━━━━━ Dataset excerpt

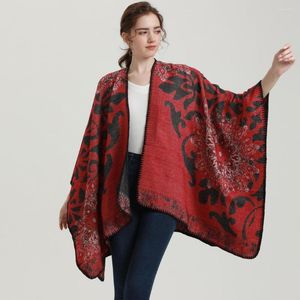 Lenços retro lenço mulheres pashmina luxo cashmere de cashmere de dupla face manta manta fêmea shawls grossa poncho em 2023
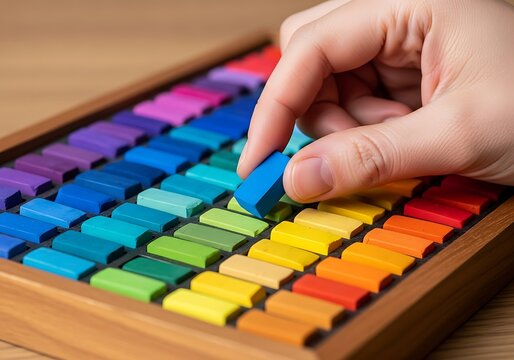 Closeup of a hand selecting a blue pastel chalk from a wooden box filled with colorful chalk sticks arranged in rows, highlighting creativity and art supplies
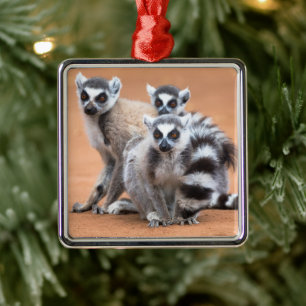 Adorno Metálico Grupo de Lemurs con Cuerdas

━━━━━━━━━━

§ What you need to do
Each line from the first line of the listing through the line with "Closeup of a" must be printed exactly, both ends included, and no picture may appear.

§ Result below
 Lenços retro lenço mulheres pashmina luxo cashmere de cashmere de dupla face manta manta fêmea shawls grossa poncho em 2023
 Closeup of a hand selecting a blue pastel chalk from a wooden box filled with colorful chalk sticks arranged in rows, highlighting creativity and art supplies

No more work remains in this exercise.